Ce qui attire en effet le regard, quelque soit la pose adoptée, l’environnement choisi, ou encore la taille de la sculpture, les patines, c’est cette impression d’authenticité dans le rendu de l’instant où le cheval trotte, s’élance pour franchir l’obstacle, broute, se pointe, jusqu’à l’âne ruant et se cabrant - car l’humble baudet est aussi invité à cette exposition des « aristocrates à quatre pattes ».

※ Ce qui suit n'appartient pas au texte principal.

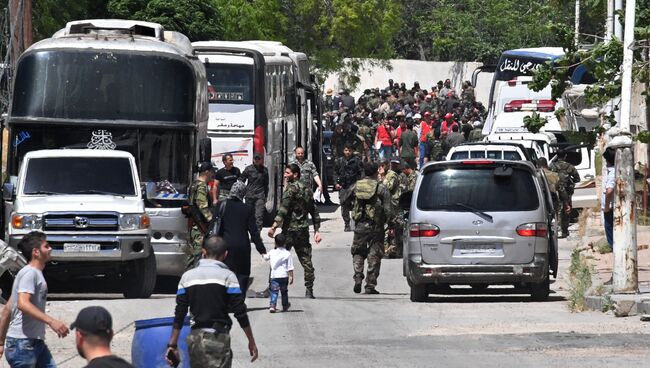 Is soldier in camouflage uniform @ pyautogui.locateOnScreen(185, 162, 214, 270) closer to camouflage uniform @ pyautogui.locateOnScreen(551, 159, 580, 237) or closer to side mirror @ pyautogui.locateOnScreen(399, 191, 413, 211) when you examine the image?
side mirror @ pyautogui.locateOnScreen(399, 191, 413, 211)

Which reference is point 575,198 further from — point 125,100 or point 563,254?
point 125,100

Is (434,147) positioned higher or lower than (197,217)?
lower

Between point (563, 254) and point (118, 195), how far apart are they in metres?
9.71

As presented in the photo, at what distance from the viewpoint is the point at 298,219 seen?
20000mm

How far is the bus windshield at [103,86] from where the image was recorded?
21.8 meters

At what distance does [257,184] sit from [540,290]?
10.1 meters

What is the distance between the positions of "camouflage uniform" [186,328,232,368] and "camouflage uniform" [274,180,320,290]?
9293 mm

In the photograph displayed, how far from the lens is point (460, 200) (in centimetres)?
1908

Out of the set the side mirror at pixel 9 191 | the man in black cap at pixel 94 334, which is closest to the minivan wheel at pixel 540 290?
the side mirror at pixel 9 191

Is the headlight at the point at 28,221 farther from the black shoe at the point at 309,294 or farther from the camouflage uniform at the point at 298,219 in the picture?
the black shoe at the point at 309,294

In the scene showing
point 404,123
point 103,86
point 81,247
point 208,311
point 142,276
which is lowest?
point 404,123

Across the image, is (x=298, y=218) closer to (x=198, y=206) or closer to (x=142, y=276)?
(x=198, y=206)

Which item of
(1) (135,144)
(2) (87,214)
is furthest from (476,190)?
(1) (135,144)

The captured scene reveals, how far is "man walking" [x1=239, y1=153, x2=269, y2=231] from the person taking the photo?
28.4 m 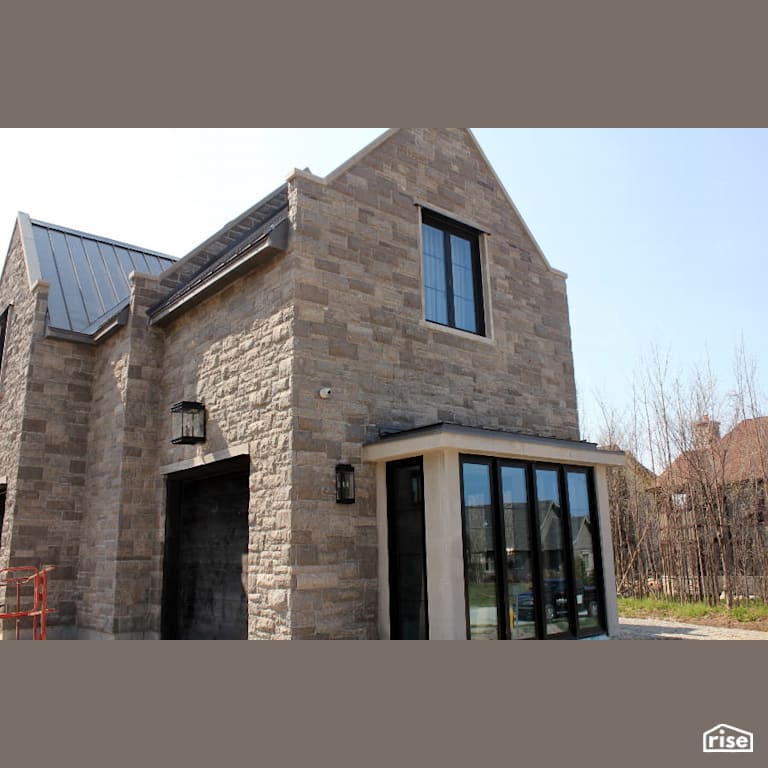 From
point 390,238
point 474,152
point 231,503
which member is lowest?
point 231,503

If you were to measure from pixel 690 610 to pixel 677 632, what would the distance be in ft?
6.86

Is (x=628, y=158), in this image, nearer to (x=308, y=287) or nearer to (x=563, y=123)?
(x=563, y=123)

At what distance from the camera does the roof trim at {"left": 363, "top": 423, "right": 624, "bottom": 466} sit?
24.0 ft

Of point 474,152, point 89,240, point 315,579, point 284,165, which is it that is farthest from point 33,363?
point 474,152

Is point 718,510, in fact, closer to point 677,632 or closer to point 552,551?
point 677,632

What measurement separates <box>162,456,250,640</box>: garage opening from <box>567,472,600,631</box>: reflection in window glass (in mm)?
Result: 4102

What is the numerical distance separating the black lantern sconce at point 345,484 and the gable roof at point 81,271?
6.17m

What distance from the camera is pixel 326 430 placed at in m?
7.69

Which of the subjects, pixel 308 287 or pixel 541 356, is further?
pixel 541 356

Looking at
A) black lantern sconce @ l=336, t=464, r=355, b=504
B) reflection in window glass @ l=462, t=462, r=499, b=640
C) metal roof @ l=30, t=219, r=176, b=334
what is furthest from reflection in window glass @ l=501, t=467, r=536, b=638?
metal roof @ l=30, t=219, r=176, b=334

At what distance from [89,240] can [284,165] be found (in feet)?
26.3

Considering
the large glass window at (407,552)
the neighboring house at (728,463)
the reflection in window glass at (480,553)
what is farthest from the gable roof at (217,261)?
→ the neighboring house at (728,463)

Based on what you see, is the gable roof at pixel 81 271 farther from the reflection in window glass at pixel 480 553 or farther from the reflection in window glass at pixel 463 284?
the reflection in window glass at pixel 480 553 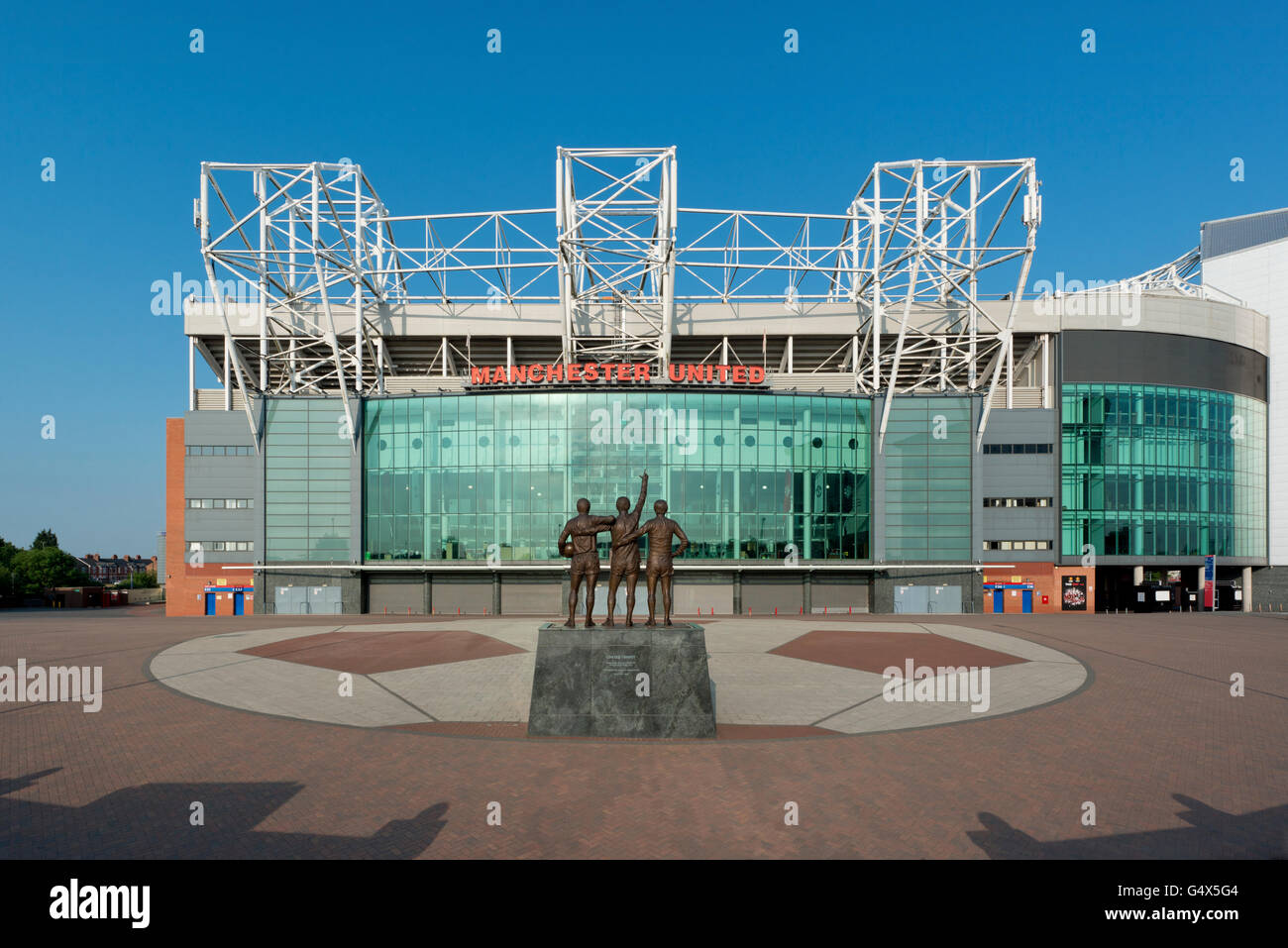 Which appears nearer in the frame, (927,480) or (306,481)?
(927,480)

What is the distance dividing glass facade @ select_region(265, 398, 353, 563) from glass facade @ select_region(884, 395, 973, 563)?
40.0 metres

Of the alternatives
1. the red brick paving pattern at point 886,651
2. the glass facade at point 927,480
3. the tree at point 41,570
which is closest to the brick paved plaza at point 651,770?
the red brick paving pattern at point 886,651

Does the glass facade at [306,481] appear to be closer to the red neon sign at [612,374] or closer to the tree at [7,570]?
the red neon sign at [612,374]

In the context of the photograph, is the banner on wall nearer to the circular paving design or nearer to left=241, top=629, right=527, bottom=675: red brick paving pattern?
the circular paving design

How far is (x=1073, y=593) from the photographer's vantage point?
47.8 metres

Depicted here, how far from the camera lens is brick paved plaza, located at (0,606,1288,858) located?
8.85 meters

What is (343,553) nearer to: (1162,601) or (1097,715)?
(1097,715)

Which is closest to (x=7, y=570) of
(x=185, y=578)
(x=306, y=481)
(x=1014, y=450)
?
(x=185, y=578)

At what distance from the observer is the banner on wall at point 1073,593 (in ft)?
156

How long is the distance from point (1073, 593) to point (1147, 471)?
12629mm

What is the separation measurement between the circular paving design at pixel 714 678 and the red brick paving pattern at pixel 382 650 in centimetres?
8

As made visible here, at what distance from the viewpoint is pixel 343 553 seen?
45.4m

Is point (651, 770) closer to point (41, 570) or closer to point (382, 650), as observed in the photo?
point (382, 650) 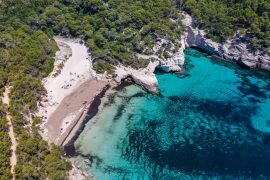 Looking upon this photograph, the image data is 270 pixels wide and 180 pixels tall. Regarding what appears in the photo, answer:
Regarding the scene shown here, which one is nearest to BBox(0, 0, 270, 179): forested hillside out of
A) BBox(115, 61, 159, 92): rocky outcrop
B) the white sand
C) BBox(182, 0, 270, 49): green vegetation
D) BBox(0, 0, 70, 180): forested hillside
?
BBox(182, 0, 270, 49): green vegetation

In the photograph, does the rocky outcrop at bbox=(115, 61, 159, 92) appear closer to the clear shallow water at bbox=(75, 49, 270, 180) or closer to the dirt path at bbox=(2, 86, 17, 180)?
the clear shallow water at bbox=(75, 49, 270, 180)

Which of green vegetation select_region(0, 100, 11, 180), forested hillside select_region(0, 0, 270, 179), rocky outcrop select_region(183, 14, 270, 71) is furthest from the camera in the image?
rocky outcrop select_region(183, 14, 270, 71)

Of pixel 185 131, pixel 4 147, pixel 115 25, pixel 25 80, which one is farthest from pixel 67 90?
pixel 185 131

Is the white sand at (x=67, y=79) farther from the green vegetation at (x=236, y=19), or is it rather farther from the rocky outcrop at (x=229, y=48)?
the green vegetation at (x=236, y=19)

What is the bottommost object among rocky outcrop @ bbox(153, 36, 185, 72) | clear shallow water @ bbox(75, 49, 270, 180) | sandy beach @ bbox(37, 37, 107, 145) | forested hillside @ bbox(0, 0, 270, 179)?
clear shallow water @ bbox(75, 49, 270, 180)

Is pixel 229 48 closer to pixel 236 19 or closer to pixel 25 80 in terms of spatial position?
pixel 236 19

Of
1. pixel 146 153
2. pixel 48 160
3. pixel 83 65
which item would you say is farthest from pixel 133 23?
pixel 48 160

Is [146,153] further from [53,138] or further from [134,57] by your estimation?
[134,57]

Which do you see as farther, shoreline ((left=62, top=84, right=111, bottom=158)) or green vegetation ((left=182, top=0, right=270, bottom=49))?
green vegetation ((left=182, top=0, right=270, bottom=49)) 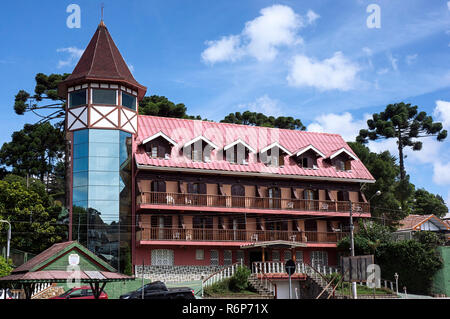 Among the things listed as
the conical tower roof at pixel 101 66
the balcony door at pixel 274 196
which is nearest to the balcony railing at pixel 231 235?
the balcony door at pixel 274 196

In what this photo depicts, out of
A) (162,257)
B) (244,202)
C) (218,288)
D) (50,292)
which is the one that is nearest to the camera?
(50,292)

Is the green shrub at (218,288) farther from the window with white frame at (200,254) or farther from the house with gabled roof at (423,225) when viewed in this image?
the house with gabled roof at (423,225)

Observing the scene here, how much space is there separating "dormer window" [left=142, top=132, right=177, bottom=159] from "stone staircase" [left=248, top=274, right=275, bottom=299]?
430 inches

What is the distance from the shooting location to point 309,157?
46.1 m

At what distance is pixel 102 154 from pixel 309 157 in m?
17.2

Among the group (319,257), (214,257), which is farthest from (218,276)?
(319,257)

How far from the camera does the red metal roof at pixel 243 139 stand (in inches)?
1631

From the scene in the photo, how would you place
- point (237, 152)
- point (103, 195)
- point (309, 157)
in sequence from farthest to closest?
point (309, 157)
point (237, 152)
point (103, 195)

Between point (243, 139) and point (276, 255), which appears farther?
point (243, 139)

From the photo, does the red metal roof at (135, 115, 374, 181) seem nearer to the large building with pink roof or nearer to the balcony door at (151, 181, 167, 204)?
the large building with pink roof

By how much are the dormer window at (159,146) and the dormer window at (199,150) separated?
4.20ft

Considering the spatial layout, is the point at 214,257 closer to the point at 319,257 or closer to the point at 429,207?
the point at 319,257

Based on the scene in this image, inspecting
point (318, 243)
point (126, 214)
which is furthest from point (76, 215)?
point (318, 243)

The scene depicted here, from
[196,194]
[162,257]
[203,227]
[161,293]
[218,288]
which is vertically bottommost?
[218,288] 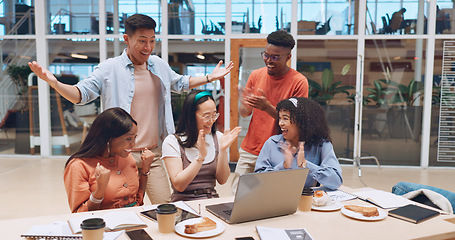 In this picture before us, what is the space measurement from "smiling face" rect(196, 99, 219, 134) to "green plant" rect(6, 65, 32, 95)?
558 centimetres

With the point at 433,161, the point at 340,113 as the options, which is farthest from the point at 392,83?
the point at 433,161

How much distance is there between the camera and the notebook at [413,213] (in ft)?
5.59

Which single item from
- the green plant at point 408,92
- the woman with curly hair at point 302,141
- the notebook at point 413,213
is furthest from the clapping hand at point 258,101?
the green plant at point 408,92

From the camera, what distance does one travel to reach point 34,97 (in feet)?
21.8

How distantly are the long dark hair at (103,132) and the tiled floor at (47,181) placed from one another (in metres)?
2.09

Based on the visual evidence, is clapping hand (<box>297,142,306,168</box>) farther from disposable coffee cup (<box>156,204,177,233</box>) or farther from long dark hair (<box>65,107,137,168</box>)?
long dark hair (<box>65,107,137,168</box>)

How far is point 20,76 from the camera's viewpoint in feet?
21.8

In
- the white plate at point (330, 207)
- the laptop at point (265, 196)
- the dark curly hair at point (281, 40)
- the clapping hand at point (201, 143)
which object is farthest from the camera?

L’exactitude est si grande que l’on croit entendre au fil des pages des bruits de sabots, des hennissements et des aboiements, des commandements, des appels dans la forêt, des maillets de joueurs de polo qui frappent la balle, peut-être même le bruit plus discret mais caractéristique du piqueux bouchonnant son cheval ! Une fidélité qui n’est pas copie pure, seulement sècheresse de la régularité absolue qui, afin d’être précise, elle en perdrait son intérêt et sa vitalité. La vie circule partout, s’anime dans le pur-sang, frémit dans le cheval cob, réchauffe la jument et son poulain, fortifie le cheval de fiacre et solidifie le gros trait belge.

 

Quelques grands noms ont donné à la sculpture animalière sa renommée, un style inégalé, à la fois puissant, réaliste, souvent stylisé, comme François Pompon, Antoine-Louis Barye, Rembrandt Bugatti. Ici les noms sont sans doute moins célèbres, ils sont sûrement plus proches de la vérité qu’ils veulent saisir. Le plus étonnant est qu’en fixant dans le bronze ce bref moment de l’action, leur talent en transmet l’énergie, le mouvement déployé et la dynamique. Ainsi de ce Dragon sous la pluie, de Jacques Froment-Meurice, de L’Amazone du prince Paul Troubetzkoy, de ce Valet d’écurie et chevaux à l’entraînement exécuté par Georges Malissard, de ce Cheval qui tire au renard signé par André Guiet.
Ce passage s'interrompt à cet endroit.